New campaign to attract more RE teachers amid shortage
New campaign to attract more RE teachers amid shortage[photo1]
A campaign has been launched by parliamentarians and faith groups to attract a new generation of Religious Education teachers.
It follows a year-on-year decline in the number of people applying to teach the subject.
The latest data from UCAS (the Universities and Colleges Admissions Service) shows a 22% drop in teacher recruitment across all subjects.
However, the fall in recruitment for RE teachers is even steeper, at 33%.
Despite the decline in RE teacher numbers, the subject is growing in popularity in school, with entries to the full GCSE course rising by 30% over the last decade.
Culham St Gabriel's Trust, which is supporting the campaign, blamed "government inaction" for the teacher shortage.

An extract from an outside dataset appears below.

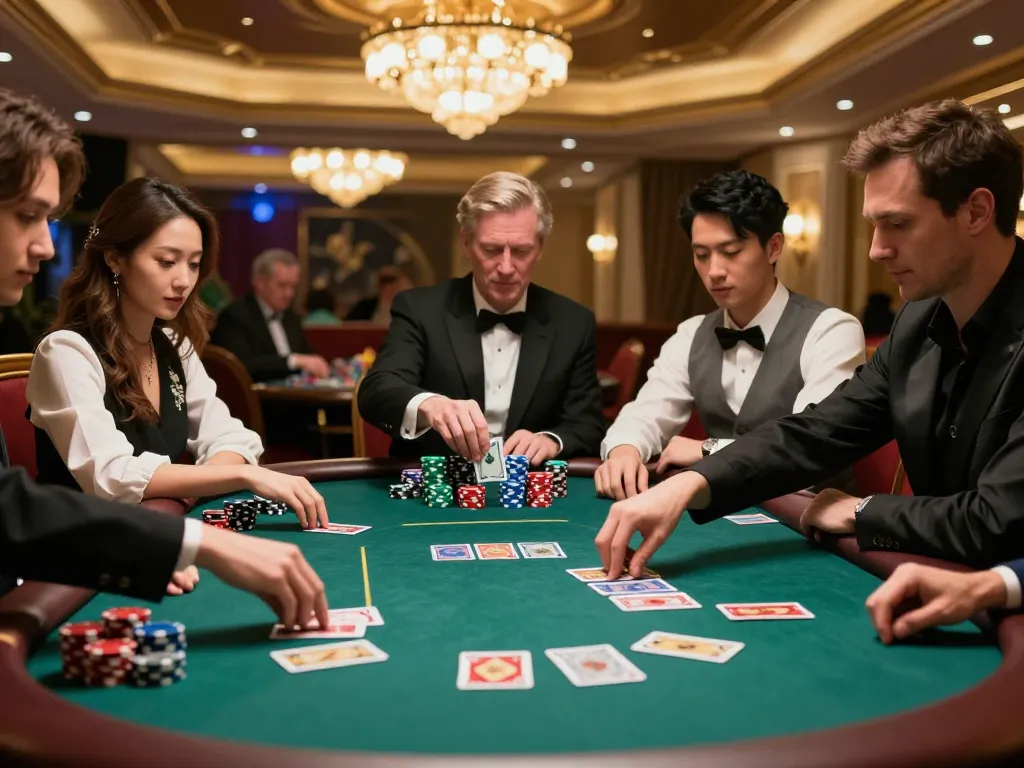 High-stakes players strategizing at 98win poker table, showcasing vibrant gameplay atmosphere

The Beyond the Ordinary campaign has been launched in a bid to reverse the downturn.
Kathryn Wright, Chief Executive Officer of the Culham St Gabriel's Trust, said: "Religious education is an important curriculum subject enabling children and young people to navigate our complex multi religious, multi secular society.
"Everyone has a worldview, and it's important we prepare young people to become free thinking, critical participants in public discourse, who can make informed judgements about matters of religion or belief and reflect meaningfully on the big questions in life."
Lord Karan Bilimoria said: "The latest teacher recruitment figures are deeply worrying. Parents are concerned, schools are concerned and so too the young people are missing out.
"As a Champion for RE, I've heard numerous times from students that this is one of the few times in the classroom where they get to say what they think about the world around them.
"At present we face doing a disservice to a generation of young people ill-equipped to deal with the complexities of belief in Britain and the world beyond.
"This campaign is about getting the best humanities graduates into the classroom to help them deliver a modern RE curriculum reflective of belief in our society."